Friday, July 02, 2010

erotic entanglements and the mouth of desire

In The Erotic Phenomenon, Jean-Luc Marion addresses the erotic from the standpoint of the “erotic reduction” that seeks, Descartes-like, an assurance of the ego’s being loved. It asks the question “Does anyone out there love me?” (He repeats the question innumerably, along with the similar, opposite question: “What’s the use?” – the one expressing the hope, if that’s the word, for “assurance” that the other question’s proposal of vanity will be shown false. The Cartesianism of this is powerfully expressed throughout. It’s one of the things I don’t like about it.)

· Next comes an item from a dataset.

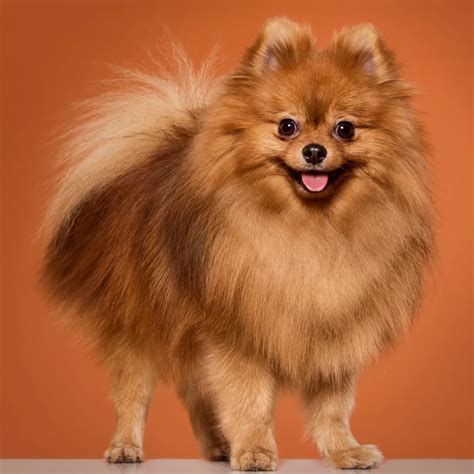 Fox Face Pomeranian: A Guide to This Adorable Breed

One way to look at the erotic, that I draw from Marion, is that it is something we await, that we dwell in fruitless anticipation for. It is not a self-creation. I cannot be my own erotic counterpart, on my own – that is, self-sufficiently as a Being-for-self or a solus ipse. Just can’t be done.

Let’s use this as an account of the erotic of sensation: sensation asks “Does anyone out there love me?” of what it senses, and we can describe the relation to the sensible and sensed as an erotic love. Our flesh loves flesh, loves to be touched and to touch, to taste, to be tasted?, to smell, to hear, etc., etc. Rather than an aesthetic approach to perception – “toward what shall I turn my (sovereign, voluntary) attention? What pleases me?” – we’d start with an erotic approach to sensation – “how can I be? how can I be loved by flesh, such that flesh sustains me?” Just like in Marion’s approach to human love relationships, this erotic attachment to flesh, to the visible and the invisible-visible (the visceral, per Drew Leder) represents our non-self-sufficiency, our need as well as our desire. Pleasure and pain are erotic entanglements of flesh. This pain happening now in my left ankle, following a couple miles’ walk to and from the farmers’ market, assures me of my fleshly being, of my fleshly non-self-sufficiency (“I need that ankle to persist in its being, for me to still have an ankle and the possibility of walking, whether it hurts me or not”; “I need the flesh of me to be, and to be sustained by the flesh of being, and this pain expresses this need”; “I desire to walk, I desire peaches, I desire sun and air”).

This can all be (all of this is) anticipated, analyzed, scrutinized, regimented, surveilled, and disciplined by scientific and social practices of all sorts. But it can’t be replaced, and it can’t be made by me. It made me. It continues to make me. I continue to await its arrival. I live always in anticipation of the arrival of flesh, and upon its arrival, I continue to await its (next) arrival. We could call this erotic anticipation something like “protention,” but that would be to treat it as the directed, self-determined, egoistic act of consciousness. Even “anticipation” is saying something distorting, but mere “openness” doesn’t provide enough of a sense of direction.

I live in the subjunctive case, with its hint of the passive voice: I would touch, I would be touched, I would enter, I would be entered… Our erotic connection to one another: we are flesh that would touch, that would be touched, that would enter, that would be entered – everyone, by everyone, by everything. To acknowledge this, is to acknowledge every way we suffer or inflict pain, every way we receive or give pleasure. Which is every way we sense anything at all.

So it’s not just that any pleasure or pain can be anticipated. If I pour a glass of whisky and set it on the table in front of me, I can begin already to have sensory responses to my anticipation. My mouth may already tingle a bit from recalling drinking this whisky in the past, or, if it’s a new one to me, in some combination recalling and searching out. My mouth prepares the way for this new visitor, whom we hope will please us. My mouth is for this whisky; it would taste it, it would encounter the whisky’s flesh with its own flesh. It awaits the erotic entanglement of drinking the whisky; it is the mouth of desire.

1 comment:

  1. sensation asks “Does anyone out there love me?”

    Och. <3 That's absolutely lovely.